Right, if you knew you wanted 10 tasks together on the same host, that would be 1 task group with count = 1 and 10 tasks. Usually you won’t want to try to “manually” bin pack like this though (see below).

And in e.g. if let’s say i have on a every client i know it’s (host) overall capacity (in e.g. i have 2 nodes with a Nomad client on them, one can handle 10 server and other can handle 20) best way to do it - is somehow get this data from a client (provision client on them with some sort of metadata).

Nomad fingerprints the resources available on each node and either binpacks onto the hosts (by default) or spreads the allocations for a job across as many hosts as possible (using spread). Generally speaking you’ll want to tell Nomad how much cpu/memory the application needs, and Nomad is supposed to figure out the placements for you. There’s usually no need to manually specify resource-related metadata or try to do fine-grained control over placements. You can declare affinity or constraints to give Nomad hints about placement.

The exception you may be running into is cpu pinning, because that feature is a bit under-developed and it’s not part of the host fingerprinting information. In that case you’ll probably need to use dynamic blocks and some metadata to help placement.

So in the example job below, you end up with 10 allocations, each landing on a different “large” host. Each of those allocations has 5 tasks, and each task is pinned to a specific CPU. As you can see, there are a whole lot of options for influencing scheduling.

variables {
  task_ids = [0,1,2,3,4]
}

job "gameservers-large-hosts" { 

  group "gameservers" {
    count = 10

    constraint {
        operator  = "distinct_hosts"
        value     = "true"
     }

    constraint {
      attribute = "${meta.host_class}"
      value     = "large"
    }

    dynamic "task" {
      for_each = var.task_ids
      labels = [task_ids.value]
      driver = "docker"
      config {
        cpuset_cpu = task_ids.value
      }
    }
  } 

}


This should be affinity as i understant and it means Noman should bind up with a specific hosts based on a constraints?

One more question related to this one sentence. 10 allocations and 5 task each, if we have a 5 hosts (clients) with a large meta tag it will spin up 50 docker containers on each host? And let’s we have a different bare-metal servers and want to explicit say.
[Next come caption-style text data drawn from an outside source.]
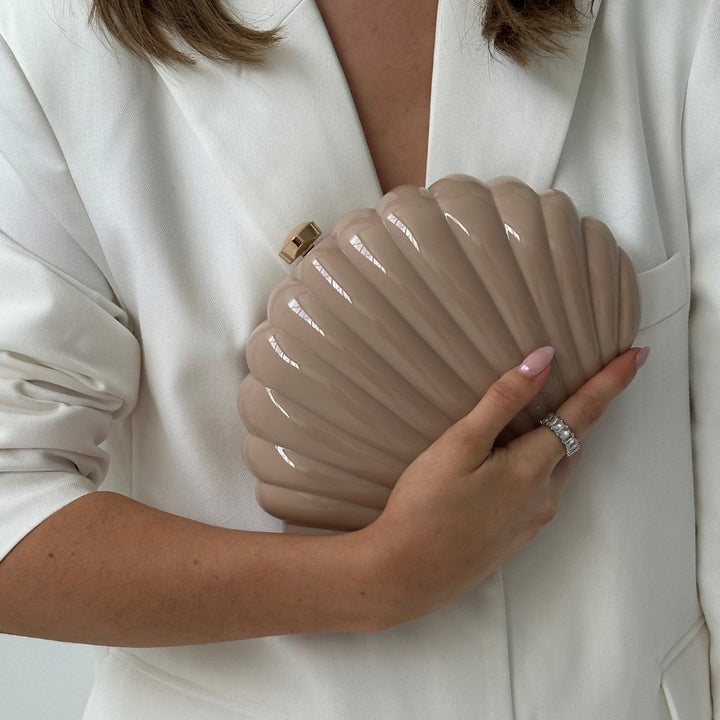 PAULY Shell Clutch - Olga Berg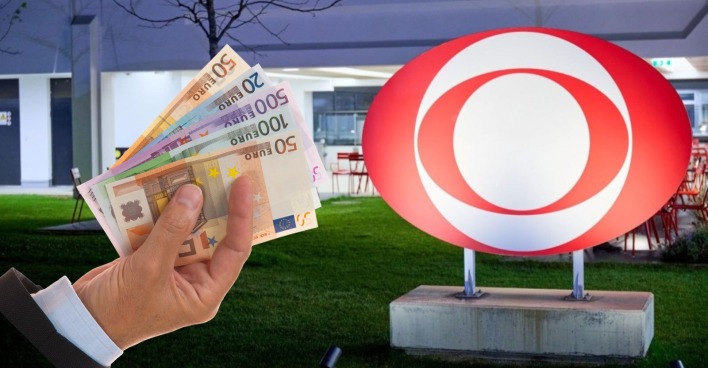 Hand die Geldscheine zeigt, neben dem ORF-Logo am Küniglberg, um Gebühren zu symbolisieren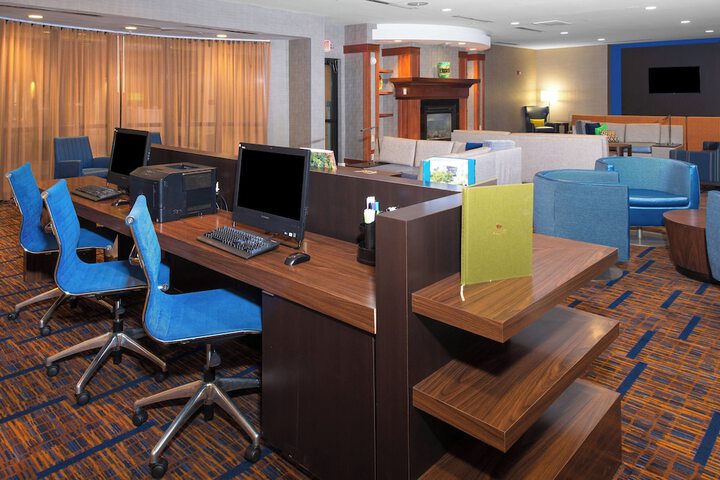 Courtyard by Marriott Charlotte Gastonia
Spin up this task on each server N docker containers where N is, let’s say ${meta.<group_identifier>} (btw is there any way to get from a meta something based on a name of current task group?) it will look like something like this?

job "gameservers-first-cluster" { 
    count = 1

    affinity {
        operator  = "distinct_hosts"
        value     = "true"
     }

    constraint {
      attribute = "${meta.host_class}"
      value     = "gameservers-first-cluster"
    }

    variable "task_ids" {
        type    = list("${meta.host_capacity}")
    }

    dynamic "task" {
      image = "game-server:${env["SERVER_VERSION"]}"
      for_each = var.task_ids
      labels = [var.task_ids.value]
      driver = "docker"
      config {
        cpuset_cpu = var.task_ids.value
      }
    }
  } 

This should be affinity as i understant and it means Noman should bind up with a specific hosts based on a constraints ?

Affinity encourages allocations to land on the same host. So in the example I gave I used to the distinct_hosts constraint so that one allocation would land on each host.

10 allocations and 5 task each, if we have a 5 hosts (clients) with a large meta tag it will spin up 50 docker containers on each host?

That’s why I had the distinct_hosts constraint, but if you use that constraint with count = 10 and 5 hosts, the scheduler will reject it because the constraint can’t be met.

For the jobspec you gave, unfortunately you can’t do this:

variable "task_ids" {
        type    = list("${meta.host_capacity}")
    }

Dynamic variables are processed in the CLI, but the meta value for hosts isn’t known until after placement.